The engine 12 is an air breathing, fuel consuming internal combustion engine in which a hydrocarbon based fuel is burned to provide a rotary power output. Many other features such as exhaust gas recirculation (EGR) and exhaust aftertreatment may be employed as appropriate. However, these are not shown to further simplify the discussion of the present invention.

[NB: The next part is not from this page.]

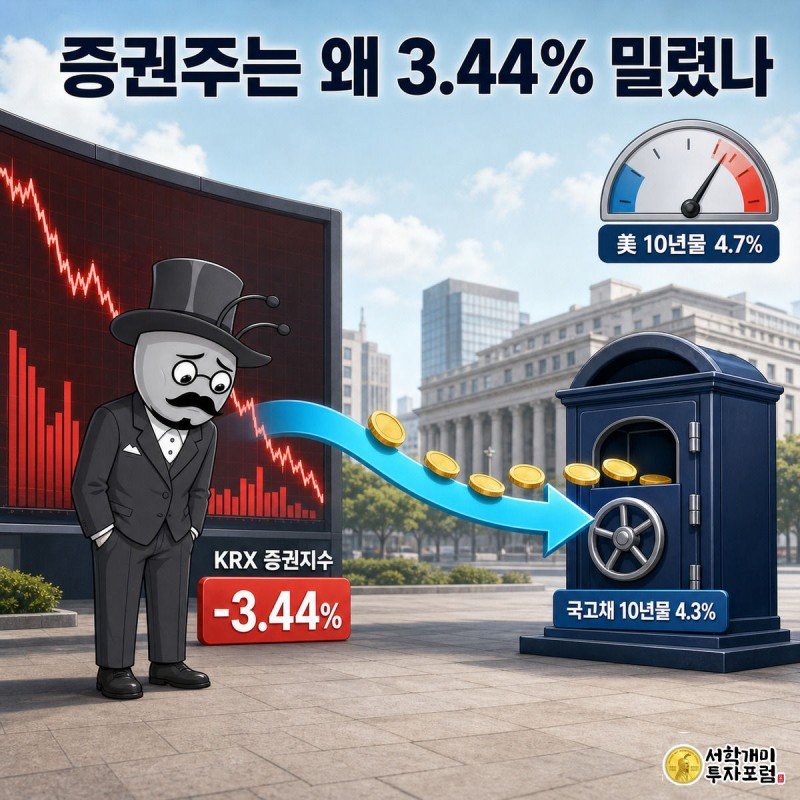 개미가 붉게 꺼져가는 주식 시세판 앞에서 낙담해 있고, 자금이 주식에서 금고 모양 채권함으로 빠져나가는 화살표와 국채 10년물 금리 게이지가 함께 그려진 그림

The engine 12, as stated previously, is a liquid cooled engine in which internal coolant passages within the block 14 and head 16 carry away the waste heat generated from the combustion process. The coolant is pressurized by a pump 40 through passage 42 to the engine 12 where it is circulated through appropriately sized and positioned passages to carry heat away from engine 12. Pump 40 is usually mechanically driven by engine 12. The coolant, with the additional heat input passes through line 44 to a heat exchanger 46 to dissipate the increase in heat. Heat exchange device 46, in usual fashion, may be a radiator of the liquid to air type in which the coolant passing through line 44 traverses multiple internal flow passages (not shown). In heat exchange device 46, ambient air is forced over the exterior of the passages, usually with extra heat exchange surfaces to carry away the heat to the ambient air. A return line 48 is connected from the outlet of heat exchange device 46 and feeds the inlet to pump 40. The heat exchange device 46 may have a top tank (not shown) but, in addition, it has a reservoir 50 exposed to ambient pressure at 52 and having a cap 54 for replenishment of fluid. A valve 56 is interposed in a line 58 extending from heat exchange device 46 to reservoir 50.
Valve 56, as herein shown, is electrically actuatable by an ECM 60 via a signal line 62. ECM 60 also controls a pump 62 receiving coolant from reservoir 50 via line 64 and connected via line 66 to the engine 12, illustrated herein as connecting to the head 16. Pump 62 is preferably electrically powered and controlled by a signal from line 68 extending from ECM 60. A sensor 70 is connected to ECM 60 via a line 72. Sensor 70 preferably is connected to the head 16 of engine 12 so as to determine conditions closest to the engine combustion chambers. Sensor 70 is a sensor enabling the detection of nucleate boiling. This is accomplished by making sensor 70 a pressure sensor that senses differential pressure versus differential time or another words the rate of change of pressure versus time. This would determine that the conditions are approaching nucleate boiling and can determine effectively whether the conditions have gone beyond nucleate boiling to macro-boiling or an out of control situation. Another, alternative measurement, not part of the present invention, would be to provide sensor 70 in the form of a temperature sensor sensing the differential temperature versus differential time. Again this is an indicator of going beyond nucleate boiling and into the macro-boiling conditions. Still other sensor forms, not part of the present invention, for 70 may take the form of bubble detectors such as an optical device calibrated to respond to bubbles of a given size or a sonic sensor also calibrated to determine the size of bubbles.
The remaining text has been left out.